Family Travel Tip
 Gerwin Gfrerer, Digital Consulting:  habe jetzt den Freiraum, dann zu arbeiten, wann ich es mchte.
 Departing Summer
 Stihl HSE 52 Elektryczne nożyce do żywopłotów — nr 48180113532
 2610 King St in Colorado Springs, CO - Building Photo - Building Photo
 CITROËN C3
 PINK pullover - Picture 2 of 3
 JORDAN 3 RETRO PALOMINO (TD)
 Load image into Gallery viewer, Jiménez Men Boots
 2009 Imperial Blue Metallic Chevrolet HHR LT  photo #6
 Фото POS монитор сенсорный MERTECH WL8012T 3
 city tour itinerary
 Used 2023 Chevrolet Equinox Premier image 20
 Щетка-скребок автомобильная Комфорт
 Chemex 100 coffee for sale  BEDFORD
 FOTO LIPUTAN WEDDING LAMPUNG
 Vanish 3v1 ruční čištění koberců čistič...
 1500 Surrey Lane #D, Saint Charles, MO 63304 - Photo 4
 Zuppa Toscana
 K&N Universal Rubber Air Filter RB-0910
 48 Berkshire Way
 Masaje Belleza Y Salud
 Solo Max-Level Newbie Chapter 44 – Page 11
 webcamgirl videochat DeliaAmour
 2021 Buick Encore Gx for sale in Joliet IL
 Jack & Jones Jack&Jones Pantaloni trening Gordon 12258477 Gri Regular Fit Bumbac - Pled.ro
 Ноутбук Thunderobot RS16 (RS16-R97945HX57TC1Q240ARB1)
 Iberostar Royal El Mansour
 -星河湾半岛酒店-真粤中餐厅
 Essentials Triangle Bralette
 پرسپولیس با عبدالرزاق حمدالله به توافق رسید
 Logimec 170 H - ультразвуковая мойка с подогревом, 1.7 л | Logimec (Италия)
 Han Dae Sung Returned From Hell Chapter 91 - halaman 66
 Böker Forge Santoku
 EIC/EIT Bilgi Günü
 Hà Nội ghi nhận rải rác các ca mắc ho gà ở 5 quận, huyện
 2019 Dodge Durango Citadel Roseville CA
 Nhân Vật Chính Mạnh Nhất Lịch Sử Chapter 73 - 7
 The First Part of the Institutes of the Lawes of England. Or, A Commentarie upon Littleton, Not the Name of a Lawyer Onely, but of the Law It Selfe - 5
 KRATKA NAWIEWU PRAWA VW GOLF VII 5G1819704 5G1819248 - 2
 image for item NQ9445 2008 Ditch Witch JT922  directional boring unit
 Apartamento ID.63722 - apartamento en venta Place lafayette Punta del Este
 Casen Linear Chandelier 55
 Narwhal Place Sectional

*****

INSTRUCTIONS TO FOLLOW: Your answer must be every line from the listing above that holds the string "image".

RESPONSE BOX:
 Load image into Gallery viewer, Jiménez Men Boots
 Used 2023 Chevrolet Equinox Premier image 20
 image for item NQ9445 2008 Ditch Witch JT922  directional boring unit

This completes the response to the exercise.